The rapid increase of cyber attacks aimed at smaller businesses has shown the diverse target online crime is aiming at. A survey by the Business Continuity Institute (BCI) revealed that 71 per cent of businesses see the use of the internet for malicious attacks as a major trend that requires a business continuity response. Less than half seek to manage the prevalence and high adoption of internet-dependent services, such as the cloud, within their preparedness activities.
The BCI survey questioned 730 organisations from various sectors, throughout 62 countries.
The level of concern across sectors and geography over a cyber attack is a major challenge for public policy makers and board rooms.
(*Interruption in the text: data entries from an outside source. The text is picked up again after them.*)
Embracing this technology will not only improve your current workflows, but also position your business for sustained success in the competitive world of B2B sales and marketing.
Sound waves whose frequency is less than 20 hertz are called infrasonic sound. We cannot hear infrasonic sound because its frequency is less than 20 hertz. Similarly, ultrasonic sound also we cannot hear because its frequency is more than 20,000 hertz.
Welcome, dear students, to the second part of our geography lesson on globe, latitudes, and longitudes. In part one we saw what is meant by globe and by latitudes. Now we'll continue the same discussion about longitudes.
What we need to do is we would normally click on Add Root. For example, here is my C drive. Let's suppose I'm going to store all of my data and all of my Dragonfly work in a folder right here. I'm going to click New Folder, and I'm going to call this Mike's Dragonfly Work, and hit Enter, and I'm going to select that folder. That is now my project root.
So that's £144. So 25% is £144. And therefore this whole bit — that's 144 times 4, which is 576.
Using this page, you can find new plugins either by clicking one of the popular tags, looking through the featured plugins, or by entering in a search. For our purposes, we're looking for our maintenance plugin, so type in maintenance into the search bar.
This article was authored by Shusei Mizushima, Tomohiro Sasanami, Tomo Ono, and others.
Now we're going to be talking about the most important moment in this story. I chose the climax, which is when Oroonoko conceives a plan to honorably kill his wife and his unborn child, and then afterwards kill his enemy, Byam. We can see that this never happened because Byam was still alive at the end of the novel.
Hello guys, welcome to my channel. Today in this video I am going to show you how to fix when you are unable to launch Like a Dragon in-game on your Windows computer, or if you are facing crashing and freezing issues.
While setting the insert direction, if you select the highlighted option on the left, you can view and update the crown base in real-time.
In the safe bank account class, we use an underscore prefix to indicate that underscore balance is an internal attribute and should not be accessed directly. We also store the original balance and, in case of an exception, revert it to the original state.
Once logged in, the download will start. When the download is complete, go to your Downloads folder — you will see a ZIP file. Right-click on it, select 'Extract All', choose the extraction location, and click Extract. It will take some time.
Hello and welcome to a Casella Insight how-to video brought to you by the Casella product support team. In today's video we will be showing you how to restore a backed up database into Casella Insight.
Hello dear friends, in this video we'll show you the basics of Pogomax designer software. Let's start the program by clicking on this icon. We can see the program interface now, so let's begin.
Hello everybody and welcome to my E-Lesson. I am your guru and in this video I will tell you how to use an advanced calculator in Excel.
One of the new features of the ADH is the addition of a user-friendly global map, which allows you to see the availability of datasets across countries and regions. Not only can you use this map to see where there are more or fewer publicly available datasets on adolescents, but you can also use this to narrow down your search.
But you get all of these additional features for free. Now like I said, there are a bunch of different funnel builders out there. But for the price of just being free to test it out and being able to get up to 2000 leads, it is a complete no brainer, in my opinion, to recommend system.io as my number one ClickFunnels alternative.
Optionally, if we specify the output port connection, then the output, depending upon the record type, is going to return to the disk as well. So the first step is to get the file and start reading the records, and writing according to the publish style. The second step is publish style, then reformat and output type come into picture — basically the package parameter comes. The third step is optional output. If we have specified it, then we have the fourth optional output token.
More needs to be done to gain a better understanding of the threat.
“The dominance of technology and internet-related threats and trends in this year’s survey mirrors events we have seen in the real world recently with, for example, PayPal, RIM, O2 and RBS. The high level of concern over a cyber attack may well be misplaced but it demands a considered independent analysis of the threat to avoid hype and disillusionment, and ensure a proportionate response is in place,” said Lyndon Bird, technical director at BCI.
In the suspense of such an attack, companies hesitate over using social media and other internet-dependent forms of data sharing. This might even relate to the cloud, something most companies may need to rely on this year.
The leading threat of concern in 2013 is unplanned IT and telecom outages; some 70 per cent of companies stated their concern about this threat. The concern over a data breach was not too far behind.
Howard Kerr, chief executive at BSI, commented that ?this latest report shows that businesses need to be more prepared than ever for every type of risk. The top five threats highlight that the digital age is continuing to bring new challenges to organisations around the world. In order to counter this, cyber resilience must become part of an organisations wider business resilience strategy.